Use Power Scheduling to Pre-plan Shut Down and Re-start an Instance

Cloud Management Platform (CMP) power schedulers help in configuring an instance to shut down and re-start based on a schedule. This scheduler helps in stopping the instances when not in use and the user is billed only for the time the instance has been used. In most scenarios, instances are not required to run 24/7. You can configure a Power Scheduler Group, as shown below, for running an instance from Monday to Friday during work hours.

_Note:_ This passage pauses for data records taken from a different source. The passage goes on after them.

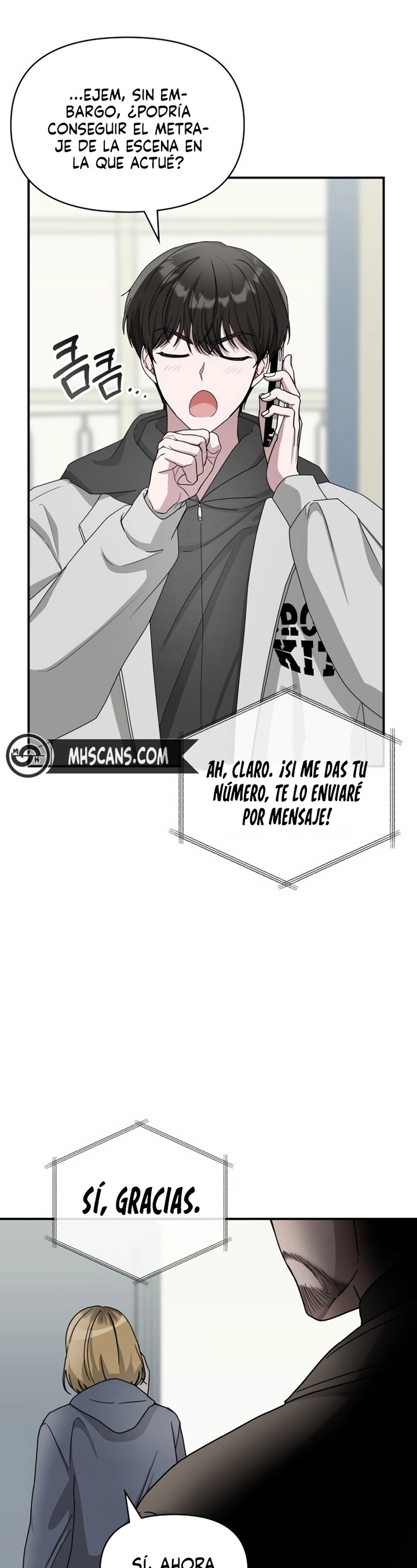 Me Confundieron con un Monstruoso Actor Genio Capitulo 2.1 página 21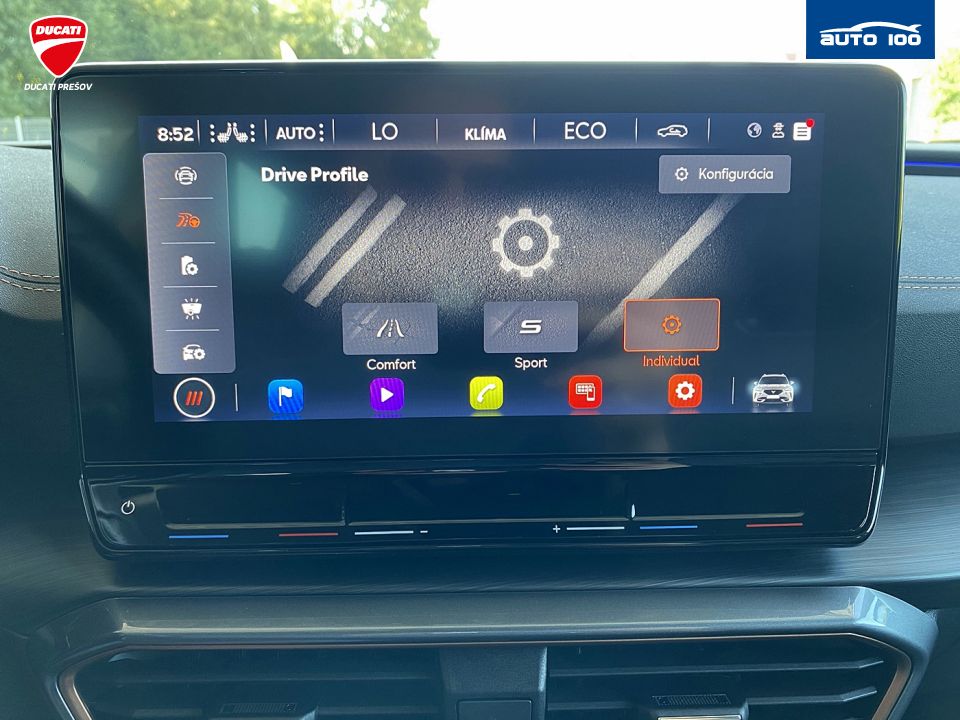 Cupra Formentor 1.4 electric/TSI e-HYBRID 150kW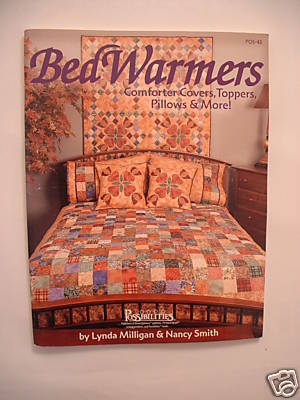Bed Warmers Comforter covers, Toppers, Pillows & more (Paperback)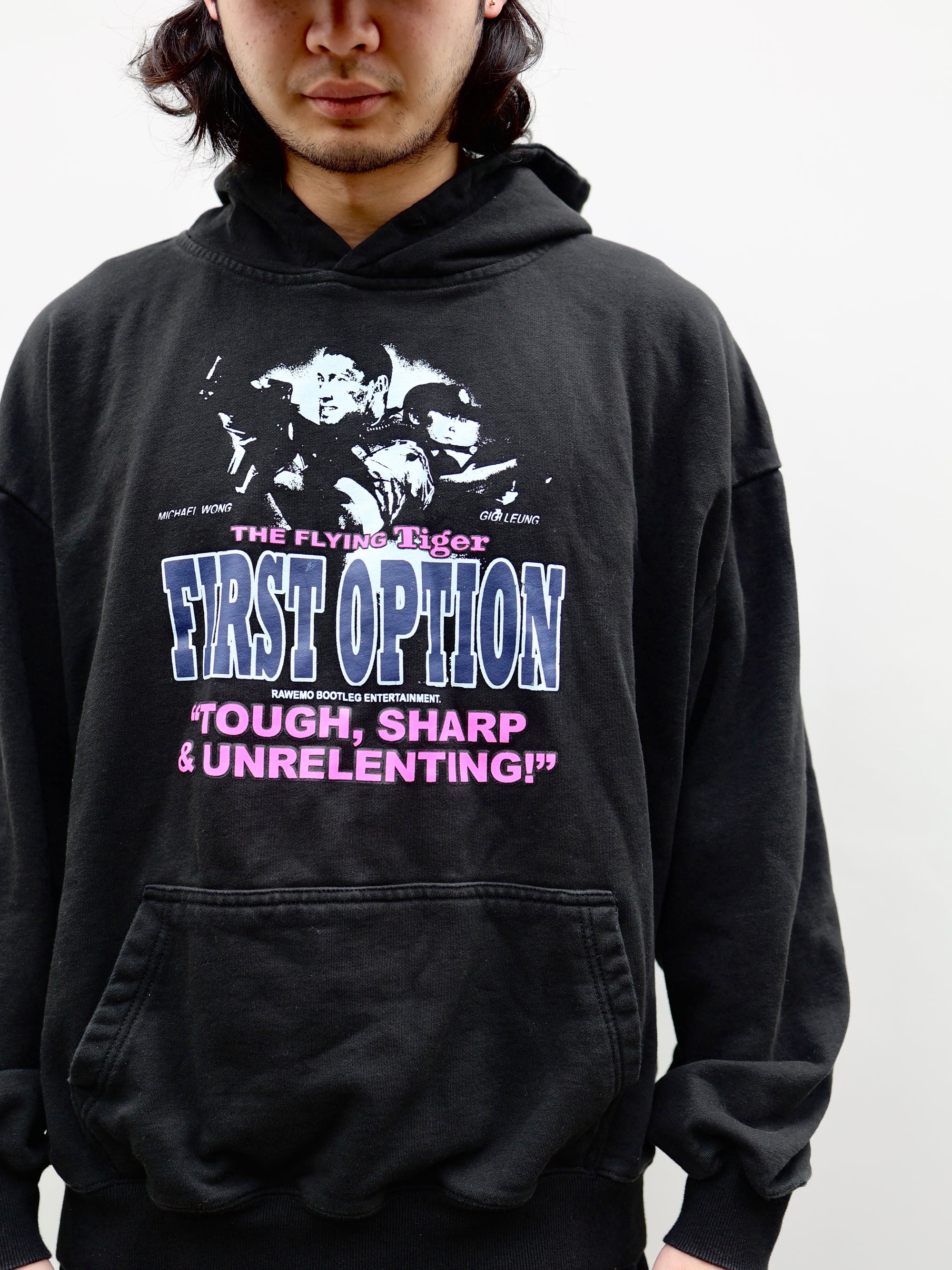 *EXCLUSIVE* First Option Hoodie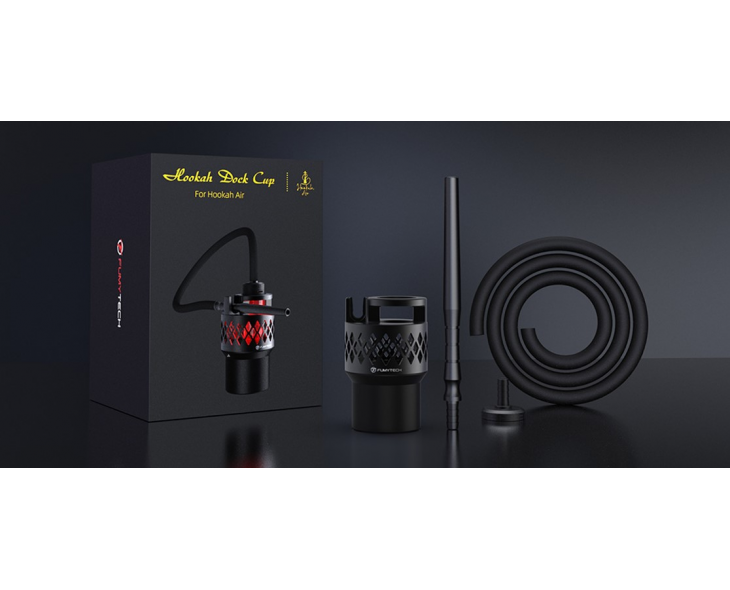 Hookah Air Dock Cup Fumytech | Création Vap
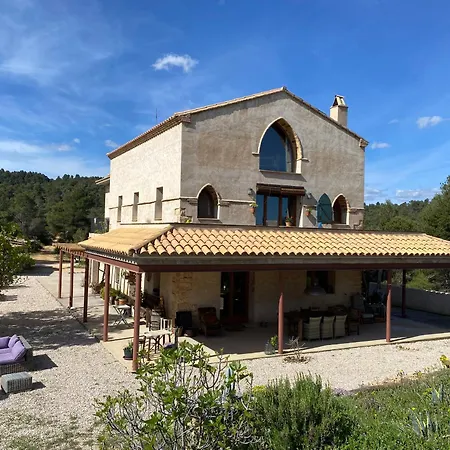 B&B Masia Katmandú-2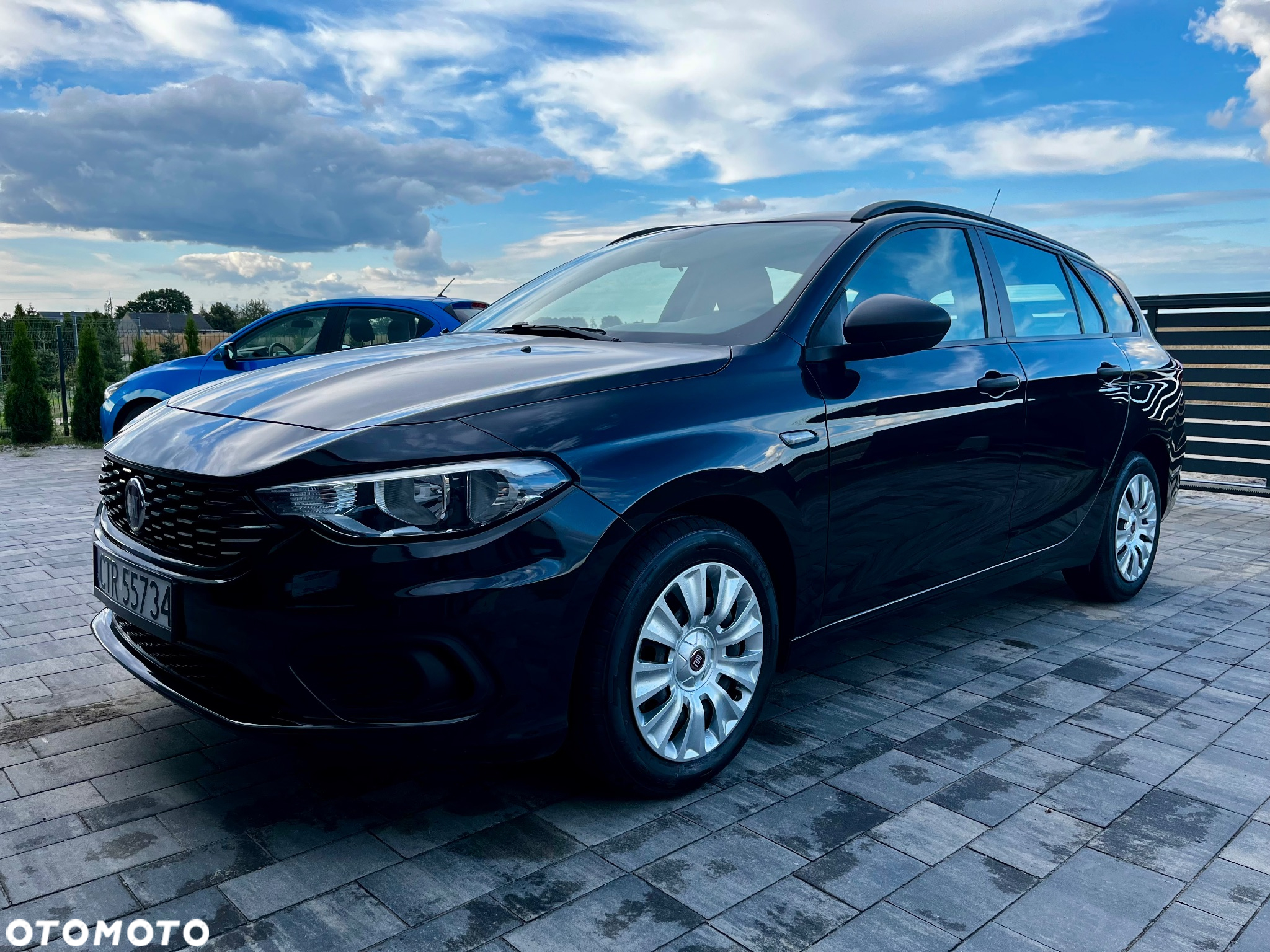 Fiat Tipo 1.4 T-Jet Mirror - 3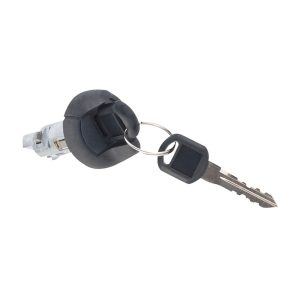 CILINDRO DE ENCENDIDO CV PICK UP/CHEYENNE/SILVERADO 95-98/SUBURBAN 95-99/BLAZER (S10) 95-97/TAHOE 95-99/ASTRO 95-05  GM SIERRA 95-98/YUKON 95-99  CV S10 95-97  SIN CANDADO CON ARILLO METAL CORRUGADA 12VCC TIPO ORIGINAL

Configuring Power Schedulers on Cloud Management Platform

Analyze Heatmaps to Determine Peak Usage Hours

Heatmaps are among the essential strategies used for cloud cost optimization. It is a visual representation tool that shows peaks in computing demand. This data is critical to estimate the start and stop timings of the instance to reduce the cost. On the basis of heatmap results, one can start or stop the instances manually or automate the process.

Virtual Machine Lifecycle Management for Automatic Decommissioning

Lifecycle management is essential for public cloud cost optimization. Unmanaged VMs waste resources and the best way to regulate these VMs is by adding an expiration or decommissioning date for all the instances. It will change the organization’s cloud utilization from the ownership model to a rental model.

The instances are available only as long as they are required. An automation script can enable monitoring of the expiration dates and an e-mail can be triggered to the VM owner when the expiration date is near. If the instance is required further, the user can either extend the expiration date or it will get decommissioned automatically.

Lifecycle Management of Virtual Machines

Purchase Reserved Instances (RIs) at Huge Discounts

Organizations committed to utilizing cloud services for a long term should invest in RIs. One can get massive discounts on the total price based on the upfront payment and commitment time. RIs can save up to 75% of the total cost, therefore utilizing RIs is a must for cloud cost optimization. RIs are available for one or three years in AWS and Azure. Hence, it is very important to analyze the historical usage and accurately estimate the future requirements.

Keep Optimizing the Cloud Cost by Analyzing Regularly

Cloud cost optimization is an ongoing process. However, by applying all the above strategies and regular monitoring of the instances, organizations can effectively manage the cost of their cloud-based infrastructure.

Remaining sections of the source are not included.